Like she didn’t know that already. Then again, it was only five minutes. She could handle five minutes.

Getting into the car, she edged awkwardly over toward the windows on the other side, then lowered herself down onto the edge of the seat. It was like sitting on a cloud. She tensed, not wanting to let her weight rest too heavily on it in case she got the caramel-color leather dirty.

Then she tensed even further as the warmth rolled over her, seeping through the overcoat she wore, crawling beneath the hem of her dirty jeans, soaking through the canvas of her ratty sneakers. So much warmth. It made her afraid, made her not want to move or even relax, because if she did, she’d knew she’d never want to leave. She’d want to stay right here in this car till the end of time.

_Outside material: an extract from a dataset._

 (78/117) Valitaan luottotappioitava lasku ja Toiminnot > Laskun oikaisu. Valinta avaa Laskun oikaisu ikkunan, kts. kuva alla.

She shivered, keeping her hands tight in her lap, her fingers curled around her knife, her gaze straight ahead. There was a scent in the air, a thick, luxurious smell like leather and spice, and it made her want to lie down on those soft seats and close her eyes and sleep for days and days.

But she couldn’t. She couldn’t give in, because this wasn’t real. The darkness and the cold and the streets, they were her reality. And a tall rich man in a tall rich man’s car, didn’t have anything to do with that reality.

He was getting into the car now, the hem of that thick overcoat brushing over the seats, and she almost put out her hand to touch it, only stopping herself at the last moment. Instead she sat there stiffly as the door slammed after him, shutting out the night and the freezing dark, enclosing her in the warmth of the limo interior.